This practice should be applicable to landfills. In addition, the costs of configuring side-slopes and decks to more natural profiles should not introduce significant costs, if these details are designed in the early development of the landfill closure.

As the public's environmental awareness matures, and urbanization expands around existing closed landfills, or existing urban landfills close, placing greater demands on final closure appearances, the role of environmental restoration as an integrated part of final cover and vegetation design can assume greater significance. Additionally, new and larger landfills are being proposed in remote regions of greater environmental sensitivity. These restored areas could recover lost habitat or, increase available rare or endangered species habitat. This effort would not only improve the chances of survival of native or endangered species, but it could also enhance the public image of the agencies or operators that adopt this type of restoration program at these landfills. A project at Coyote Canyon, Orange County, is applying such a program for the California Gnatcatcher, (Polioptilia californica).

The primary regulatory sources for State and federal standards for closures are Title 27, California Code of Regulations (27 CCR), and 40 Code of Federal Regulations (40 CFR), Part 258 (Subtitle D).

State

Title 27, CCR Requirements (formerly 14, CCR and 23, CCR)
Subchapter 5, Article 1, Section (§) 20950(e). For landfills and for waste piles and surface impoundments that are closed as landfills, all vegetation for the closed unit’s vegetative cover shall meet the requirements of Section 21090(a)(3)(A)1, in cases where the unit does not utilize the mechanically resistant erosion layer per § 21090(a)(3)(A)2.

Section 21090 (a)(3)(A)1. Closed landfills shall be provided with an uppermost cover layer consisting of either:

1. Erosion resistance via a vegetative layer. This layer consists of not less than one foot of soil which:
   
   a. Contains no waste (including leachate).
   b. Is placed on top of all portions of the low hydraulic conductivity layer described in § (a)(2).
   c. Is capable of sustaining native or other suitable plant growth.
   d. Is initially planted and is later replanted as needed to provide effective erosion resistance with native or other suitable vegetation having a rooting depth not exceeding the depth to the top of the low hydraulic conductivity layer described in § (a)(2). For any proposed vegetative cover, the discharger shall propose a species mix which harmonizes with the proposed postclosure land use and which requires little long term maintenance as feasible by virtue of its tolerance to the vegetative layer’s soil conditions.
   
2. Mechanically erosion-resistant layer. An erosion and ultra violet light-resistant layer which, by virtue of its composition and finished-and-maintained grade, resists foreseeable erosion effects by wind-scour, raindrop impact, and runoff (e.g., a one-foot-thick layer of cobbles, the interstices of which are filled with gravel).
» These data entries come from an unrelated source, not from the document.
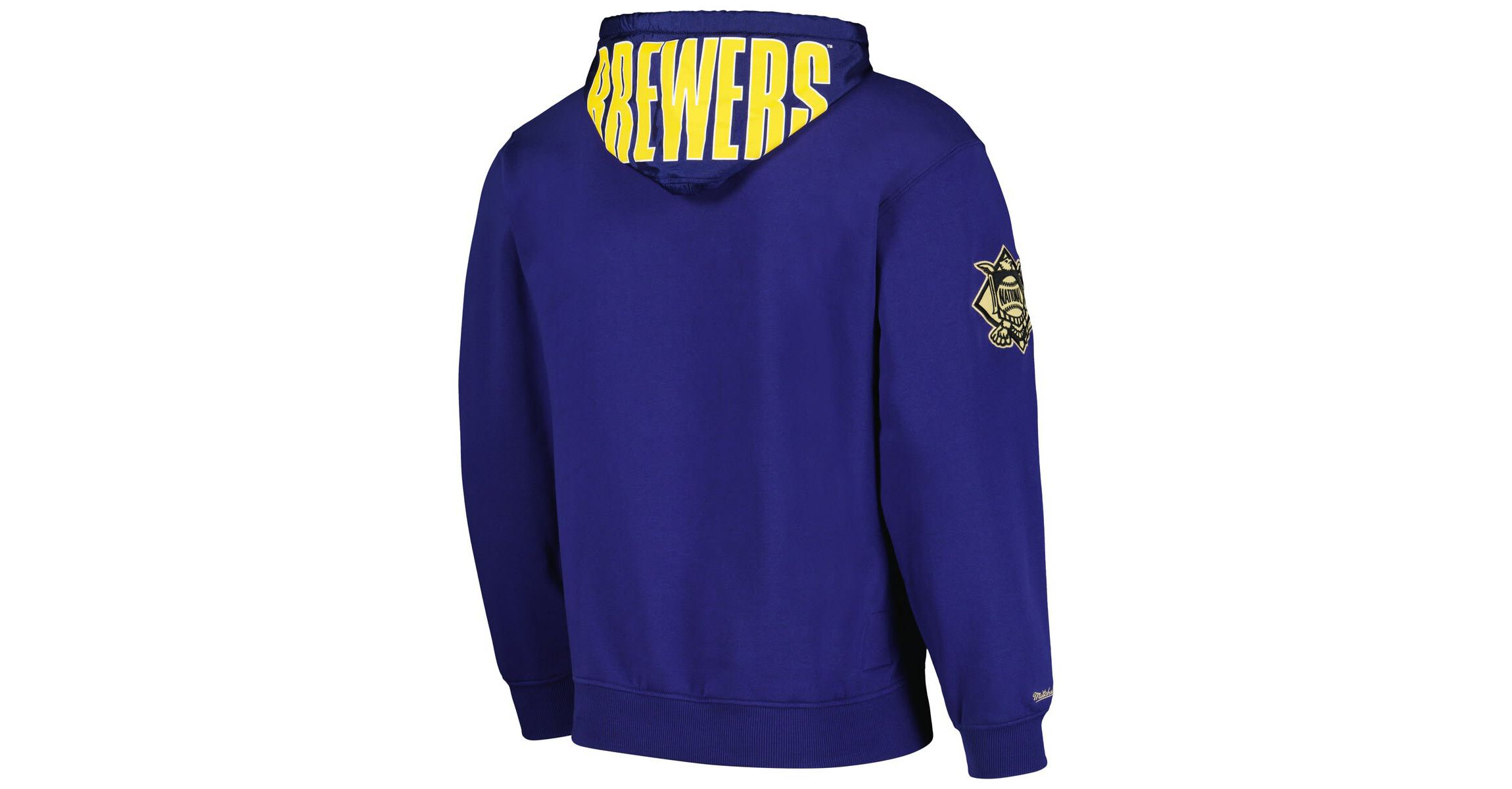 MLB Milwaukee Brewers Team OG 2.0 Current Logo Pullover Hoodie
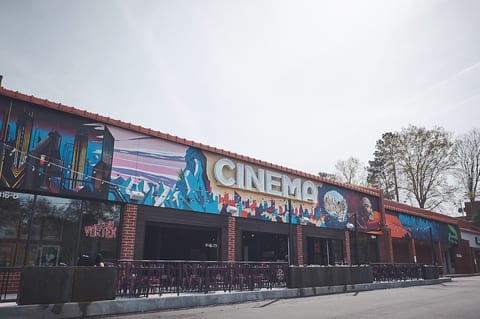Alamo Drafthouse Cinema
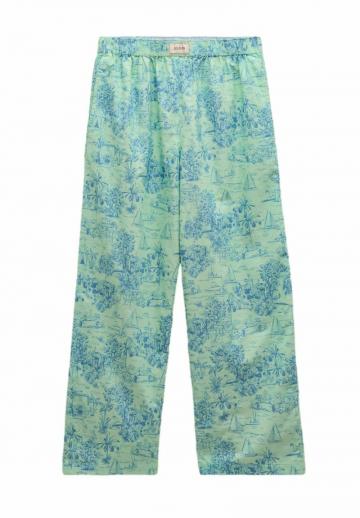 Широкие брюки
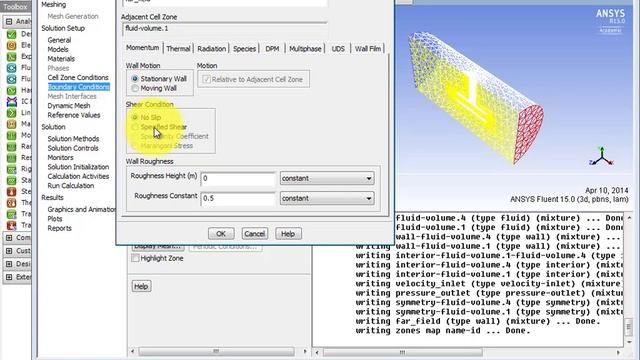 Introduction to ANSYS Fluent (3/4): Fluent Setup and Run смотреть онлайн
California Coastal Commission
Should a closure project be located within the jurisdiction of the California Coastal Commission, the regulatory standards and requirements of that agency may have to be addressed (PRC 13053.5(a)).

Department of Fish and Game
Should a closure project be located within the jurisdiction of the California Department of Fish and Game, the regulatory standards and requirements of that agency may have to be addressed (PRC 13053.5(a)).

California Environmental Quality Act (CEQA)
All projects in California must be reviewed in accordance with the California Environmental Quality Act (CEQA) to determine whether the project may have a significant impact on the environment. If the project might have a potential significant impact, mitigation measures may have to be incorporated into the project to avoid the impact.

Final Cover Design––40 CFR § 258.60, Subpart F
6.2.1 (a)(3). Minimize erosion of the final cover by the use of an erosion layer that contains a minimum 6 inches (60 cm) of earthen material capable of sustaining native plant growth.

6.2.3. Design criteria for a final cover system should be selected to ... improve aesthetics.
There are alternatives to the Subtitle D prescriptive standard cover designs which regulatory agencies can consider and approve (40 CFR §258.60(b)). The alternatives include:

1. An infiltration layer that achieves an equivalent reduction in the infiltration as specified in paragraph (a)(2) above.
2. An erosion layer that provides equivalent protection from the wind and water erosion as specified in paragraph (a)(3) above.

These alternatives provide an additional design choice that can broaden the vegetative design options available to an operator closing a landfill.

U.S. Army Corps of Engineers
Because many existing landfills and sites for potential landfills are located near natural waterways or may be sites upon which are located sensitive wetlands or vernal pools, the Army Corps of Engineers may have jurisdictional involvement under section 404 of the Clean Water Act. This jurisdictional authority may require a closure project obtain a permit from the Corps, prior to initiating the project. Dispute over Corps permit jurisdiction is requiring more scrutiny of project content and project location.

Table of Contents

Chapter 3: Elements of Restoration

Definition of Vegetative Cover Layer

Although there is no specific definition identified in the CCR, for the purposes of State regulation, the vegetative cover layer can be defined on the basis of compliance with all of the requirements of 27, CCR.

Role or Purpose of the Vegetative Cover

When a landfill is closed, the final design of the structure must incorporate various elements to serve several functions. The cover layers form the containment and moisture barriers directly overlying the waste mass, providing the containment and barrier functions above the waste. This protects the contents from invasive moisture and protects the public from exposure. The final layer covering all these preceding elements is the erosion, or vegetative soil layer. This layer, with vegetation, helps to prevent erosion, supports the vegetation, and provides some additional moisture protection.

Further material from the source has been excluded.